Long term profitable back-testing: No guarantee of future profitability

When we want to trade the financial markets we need to design some sort of strategy that is able to give us an above random chance probability to succeed — a trading edge. In order to solve this problem the first impulse is to look at trading mechanisms that have succeeded in the past and then attempt to trade this exact same techniques going forward in order to generate similar profits. We commonly refer to this simulation process as back-testing, where we evaluate how a trading strategy behaved in the past and then we “tweak” and modify our system in order to increase its historical profits. Today I am going to talk about some truths behind back-testing and why there are several important pitfalls surrounding this trading premise.

Back-testing is a tool that allows you to evaluate the historical performance of a trading strategy. Supposing that your strategy is not significantly vulnerable to historical spread variations or slippage – or you can evaluate these accurately in some way – we can say that the representation you get is a good proxy of what you would have obtained if you had traded the strategy for real in the past. The idea therefore seems pretty straightforward, generate some system that performed significantly well for as long as possible into the past and this system should work in the same way going forward. We make several important assumptions such as: the market will behave in the future as it has in the past, the longer we back-test into the past the more market conditions we cover, etc. However, there are some important fallacies here.

Does the market really behave as it has in the past?
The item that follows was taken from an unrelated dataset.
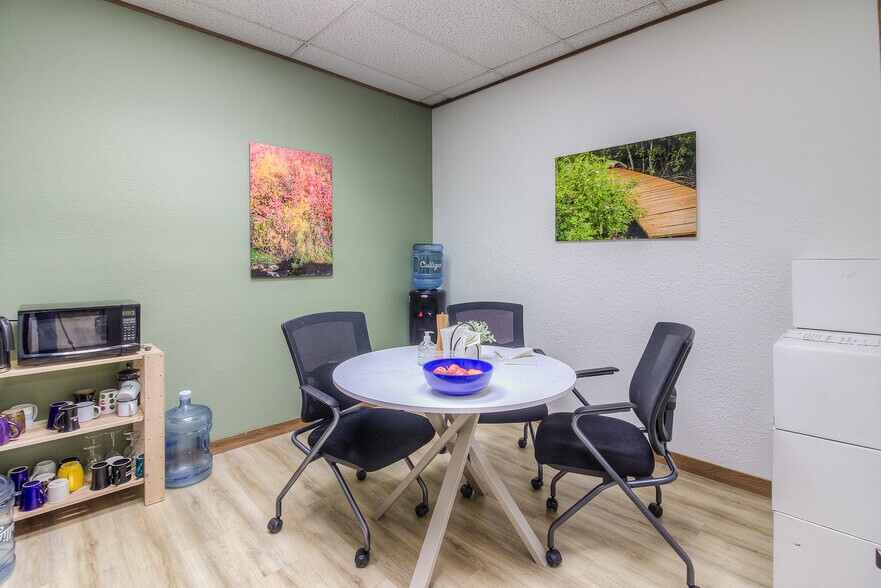 More Photos Of 304-308 N 3rd St, Yakima Office For Sale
Does having a strategy with long term profitable back-testing guarantee profitability to any degree (does it even increase our chances beyond random chance?)? Does having a 13 year back-test give you a higher chance of profit than a 2 year back-test?

13-09-2013 19-01-10

Let us suppose we are designing a strategy in the year 2001 to trade the EUR/USD, we use data from 1991 to 2001 from the DEM/USD  (10 years) and we are going to trade it for the next few years. We design our system to be extremely stable (very linear equity curve without compounding) and we also ensure that drawdown periods are limited and that the Ulcer Index has a reasonable value. We expect to be making at least a 10% yearly profit for each 10% maximum drawdown, we want something that has worked really well in the past and we put it on a live account with the expectation to make money going forward.

The above picture shows you what could have happened. You have a system that looks very well on paper and then you have that the system went for a straight and deep drawdown right after we started trading. However the picture below shows you a case where we have the entire opposite scenario. We have a system that for all intents and purposes is statistically similar to our first system within our design period 1991-2001, and then we have rather similar performance during the next 13 years, up to the year 2013. We have two systems where both have 10 year long profitable back-tests and then we have that one collapses immediately after we start trading it while the other is profitable all the way to the present.
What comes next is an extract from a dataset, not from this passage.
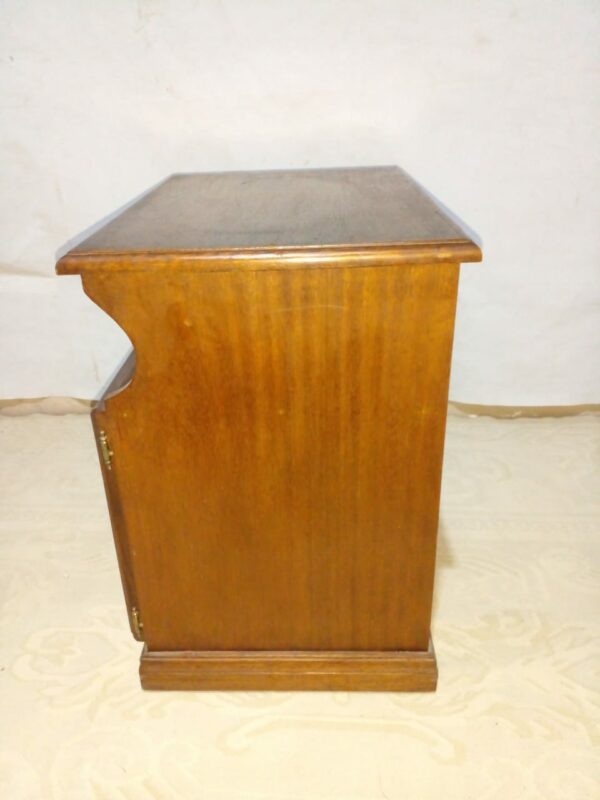 MUEBLE PARA TV EN ROBLE CEREJEIRA, MUEBLE AUXILIAR 2 PUERTAS. COD: 86701 - Image 6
What is the difference between them? Many of you would be tempted to perform elaborate statistical analysis to attempt to find differences between them so that you can say: “system A failed because of this and this while system B didn’t fail because of this and this”, in reality you can find no definitive answer (as least I haven’t), there is always a probability for a system to fail bluntly, regardless of its past statistical characteristics. You cannot therefore say something along the lines “use a system with Ulcer Index below X and you will surely be profitable”, there is always a chance that a system will fail, and this chance isn’t small at all.

13-09-2013 19-31-32

I would also like to make it clear that the “out of sample” testing, some people use before live trading (design a system using 5 years, then out of sample on 1, for example and only trade it if its similar), is a complete fallacy, because by evaluating a system on this “out of sample” period (by making a decision to trade it or not based on its characteristics during this period), it has already become an in-sample evaluation period. A similar note can be applied to the walk forward analysis crowd, a system where parameters are varied systematically already has a fixed logic designed in hindsight to have worked in the past. The only thing this establishes is whether a trading technique varies significantly through its parameter space, if the market changes outside of this, the strategy is doomed regardless of any attempts to adjust its parameters. Varying a strategy’s parameters does not constitute a more realistic approach to profits under real market conditions because the strategy is known through the whole test.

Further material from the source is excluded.